Assignment:
Find the line containing "Load image into" in the listing below. Repeat it exactly, along with each following line up to and including the one containing "374 Tigullio Avenue Bedroom".

Given records:

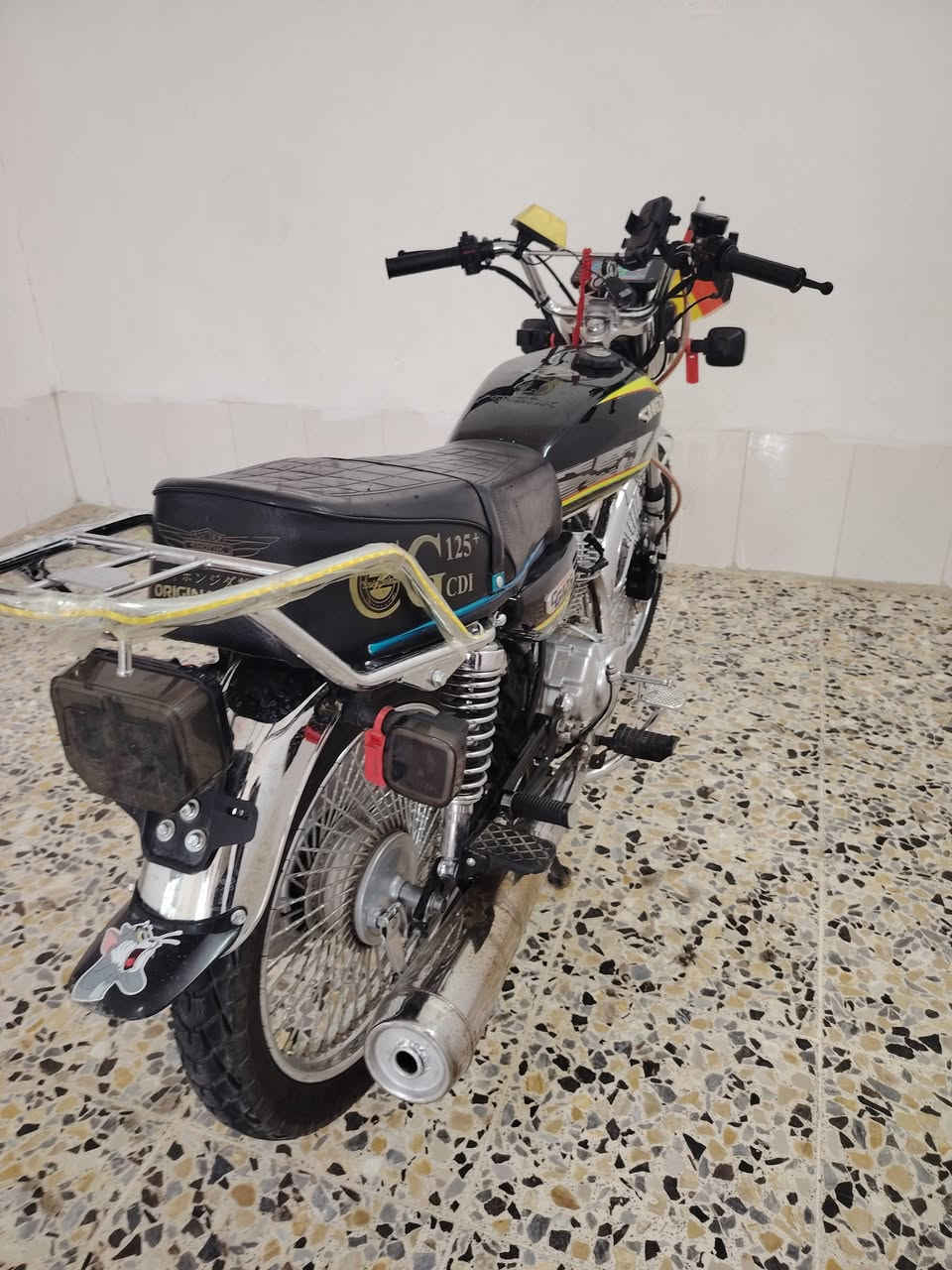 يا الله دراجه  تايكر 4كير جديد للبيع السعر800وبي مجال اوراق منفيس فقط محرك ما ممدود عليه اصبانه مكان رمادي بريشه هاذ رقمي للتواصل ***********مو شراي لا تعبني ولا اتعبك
...
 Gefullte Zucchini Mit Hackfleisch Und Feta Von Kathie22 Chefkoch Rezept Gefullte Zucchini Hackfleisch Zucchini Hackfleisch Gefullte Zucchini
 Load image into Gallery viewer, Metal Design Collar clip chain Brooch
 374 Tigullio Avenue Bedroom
* * *
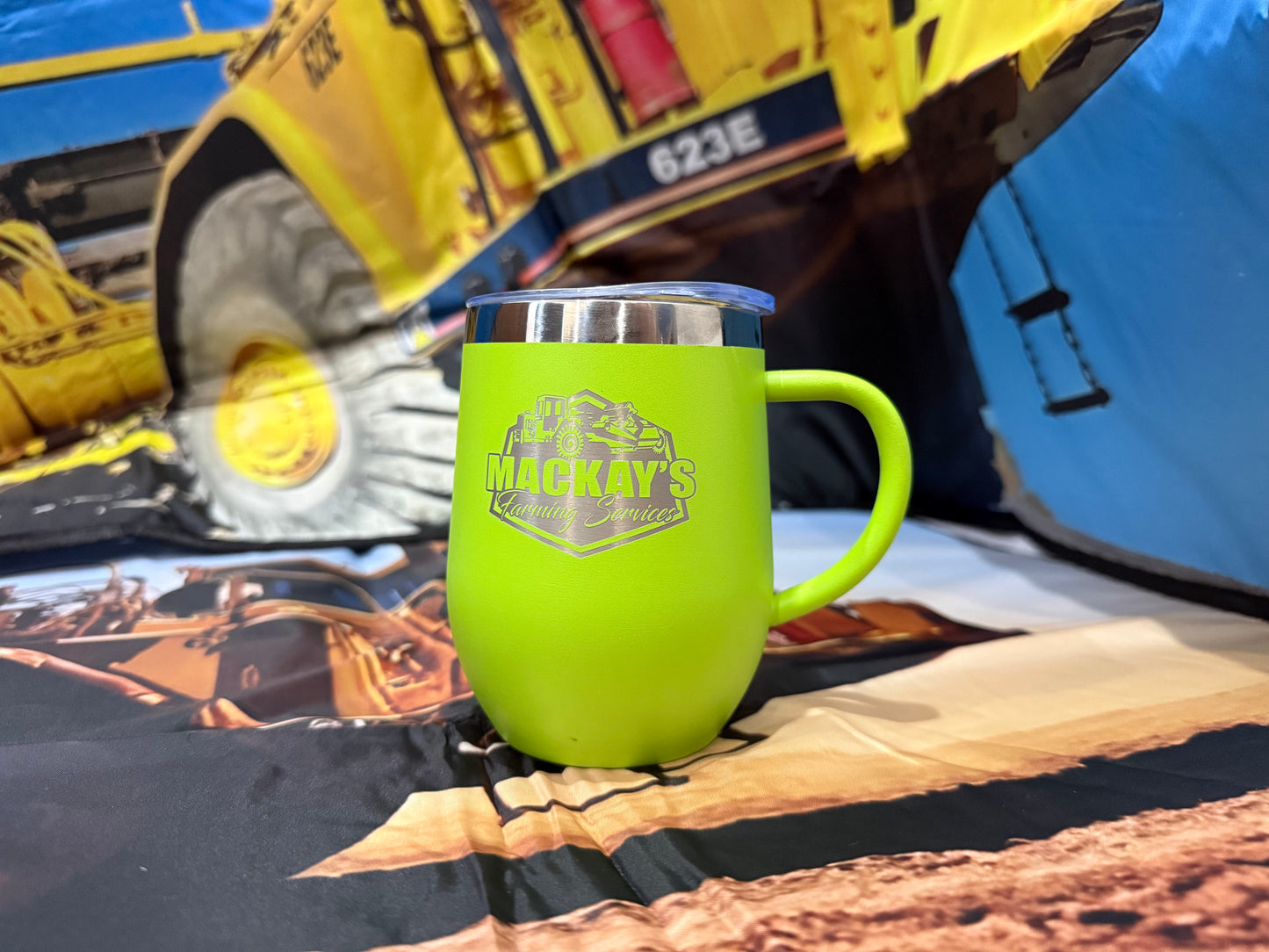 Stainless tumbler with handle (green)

Result:
 Load image into Gallery viewer, Metal Design Collar clip chain Brooch
 374 Tigullio Avenue Bedroom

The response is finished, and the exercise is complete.